It was upon making that connection that I saw a flash of a woman with bright gold hair and kind eyes in my mind. She was holding a hand out to me from a rocky outcropping, deep in the cave that I was about to descend into. I felt that, again, there was little for me to actually fear, because she wouldn't let anything happen to me. She would help me, and guide me, as would Odin. Yes, I would have to face many unpleasant things, about myself, about my life, and about my future, but it was important that I trust myself, and trust them to see me through this journey. I won't be alone, and that was a great comfort.

Great enough that I feel like I can do this.
Dance like the Maiden
Laugh like the Mother
Think like the Crone
User avatar
Heartsong
Posts: 1342
Joined: Tue Oct 01, 2013 2:07 pm
Gender: Female
Location: South Carolina

My Travels with Odin

Post by Heartsong »

I've already completed my second reading, the one for tonight, so I'll go ahead and post it as well. Just as a sidenote, feel free to chime in anywhere if you have a comment or question. :)

The first rune I drew was Sowilo :sunrune: , the sunrune. Again, I felt that this was an affirmation that I'm on the right track, and that I'm being guided down this path (which is nice to keep getting, because I am always questioning, and very suspicious). This, to me, was also pointing out that I was taking action, which was good. As the rune of the sun, it suggests warmth and a protective presence, which I take to be both Kore and Odin. I think I'm also getting closer to actualizing my purpose, whatever that may be.

The second rune was Laguz :lakerune: , the oceanrune. This rune reflects the descent, I think, into the cool darkness of the Underworld. This is the first real step, letting go of the trepidation and letting yourself sink under the water, beyond the surface of your thoughts and towards your Shadow. This is a reminder to probe the depths of my fears in order to reach knowledge, and to achieve individuation. It is through this metaphorical 'death' that I will experience a new life, or a new existence. And as I was meditating on these ideas, I tried to imagine that I was actually sinking, or swimming, underwater, moving deeper into the dark.
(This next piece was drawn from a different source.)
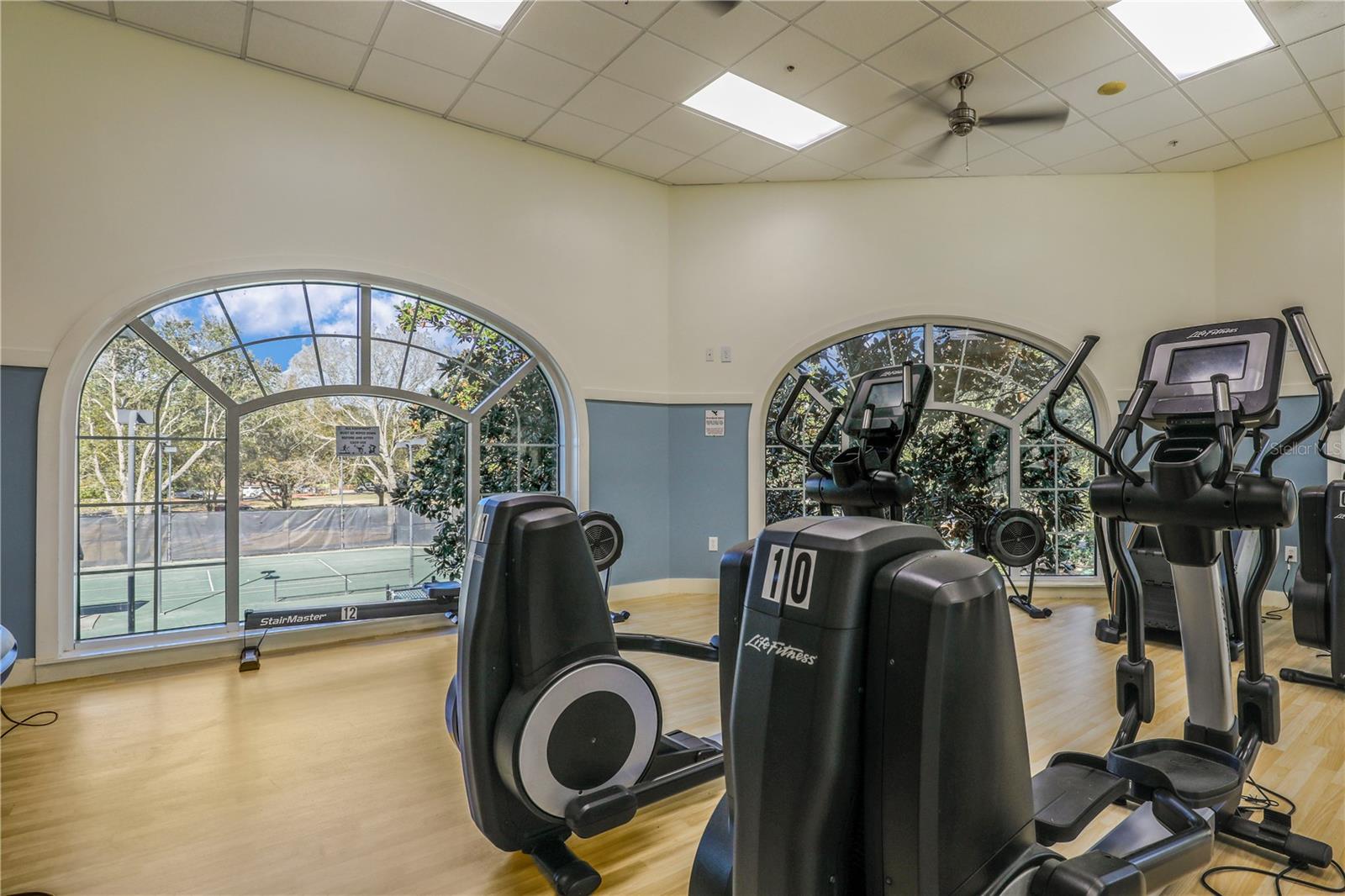 4484 GRAY HAWK ST, ORANGE PARK, FL, 32065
The third rune was Thurisaz :thornrune: , thor's rune (inversed). This was the promise of a storm coming, a disruption in my life that will break down my resistance to change. It is a break down that will lead to rebuilding, but that doesn't mean I'm not frightened of it. In fact, as I was meditating, I had a sudden sensation of being trapped in a tunnel, between two tight rocks under the water. I'm extremely claustrophobic and I actually had a fierce bout of panic as I imagined struggling to get free, to push forward and through. The tunnel got tighter and tighter, squeezing me until I finally popped out the other side. I think this was to show me that I can move past my fears, and to not let them hold me back from goals. If I allow them to control me, I can't accomplish anything. Common sense, yeah, but you try facing down Shelob when you're terrified of spiders. :shock:

The fourth rune was again Hagalaz :hailrune:. While my initial thought was strife and rebirth, another one occurred to me that actually made a lot of sense, but it was only after I did a little digging. According to one of my favorite sites,
As the ninth rune, Hagalaz has a special place in the ordering, as nine has particular significance in the elder futhark. Nine signals completion of a perfect pattern. Nine months is one of nature’s most regular human cycles, that of the gestation period for a baby in a mother’s womb. In this sense it is a protective rune, and assists us in acceptance of the unalterable, the seeking of shelter and patience while things blow over.
This brought me a great deal of comfort. The pattern of repeating themes in these runes is the reflection of the unfolding of that pattern, I think, a reminder that there is a purpose to this: Completion, being made whole again. Face the Shadow, welcome it back to you, and then resurface.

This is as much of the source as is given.